Change will come only when we have a Board of Trustees democratically elected by students, faculty, staff, and alumni/ae, with term limits for board members and the president. Student, faculty, staff, and alumni/ae board members must not be ex officio, but full voting members.
Holly Harwood
New College Independent Alumni/ae Association
San Francisco
Here's our favorite from Jefferson: "Advertisements contain the only truths to be relied on in a newspaper":I couldn't figure out whether Matt Smith assumed we were enjoying his deadpan joke, or whether he had actually accepted Professor Adam Cornford's attribution of "the price of liberty is eternal vigilance" to Barry Goldwater.

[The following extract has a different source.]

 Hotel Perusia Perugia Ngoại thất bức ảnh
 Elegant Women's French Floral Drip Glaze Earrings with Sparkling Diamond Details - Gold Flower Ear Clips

I can vaguely remember Goldwater's 1964 campaign slogans like "Extremism in the cause of [whatever right-wing agenda he was pushing] is no vice." And downhill from there to "In your heart you know he's right." I don't remember his ever parroting the "eternal vigilance" statement; nor would he have dared try to pass that off as his own. He knew that all our fourth-grade teachers had taught us that it was Thomas Jefferson or Tom Paine or Patrick Henry or one of those guys.
Readers don't expect writers like Matt Smith to know or to remember or to do investigative research on everything, and, of course, we love correcting them. No hard feelings [on] either side, I hope.
My real point is that if I were reviewing accreditation of a college where a professor gave Goldwater credit for this quotation, I'd have some doubts about the place. And if I ran the place, I'd get rid of any teacher who made this kind of mistake, not for his politics, but for incompetence.
D. Bryant
Burn on, you crazy diamonds: I enjoyed Frances Reade's trashing of Burning Man ["Burning Books," Books, Aug. 15]. Your use of the word "atheist" in the lead sentence was apt, except it's us non-participants who are faithless. What gives us the gall to disparage an event we'll never attend? We must admit, Burning Man is unique. Where else can a person enjoy drugs, searing heat, dirt, a horde of unwashed people, and group creativity? Go, all ye faithful. Goddess-speed.